RAW DATA:

================================

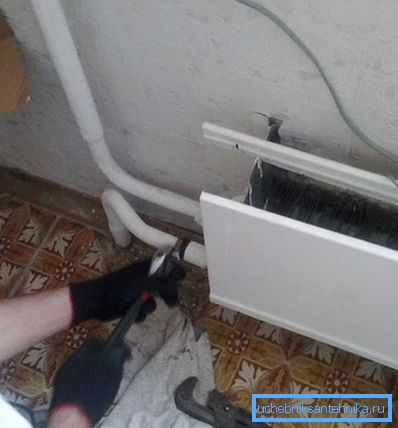 Dismantling the old radiator with keys Dismantling the old radiator with keys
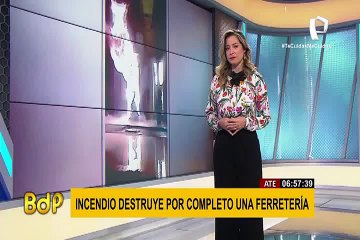 Incendio destruyó por completo una ferretería en Ate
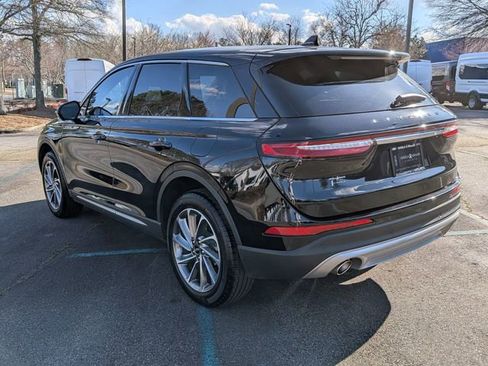 Used 2024 Lincoln Corsair FWD w/ Equipment Group 101A image 7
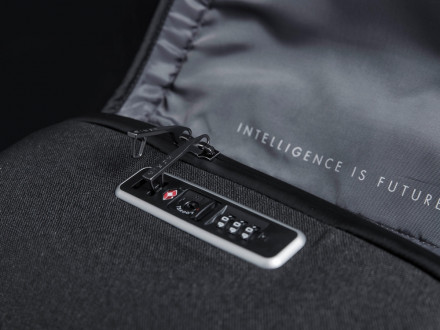 Водостойкий антикражный рюкзак Clickpack для ноутбука 15.6, черный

================================

WHAT THE TASK REQUIRES:
Word for word, output the whole listing, but not its pictures.

YOUR SOLUTION:
 Dismantling the old radiator with keys Dismantling the old radiator with keys
 Incendio destruyó por completo una ferretería en Ate
 Used 2024 Lincoln Corsair FWD w/ Equipment Group 101A image 7
 Водостойкий антикражный рюкзак Clickpack для ноутбука 15.6, черный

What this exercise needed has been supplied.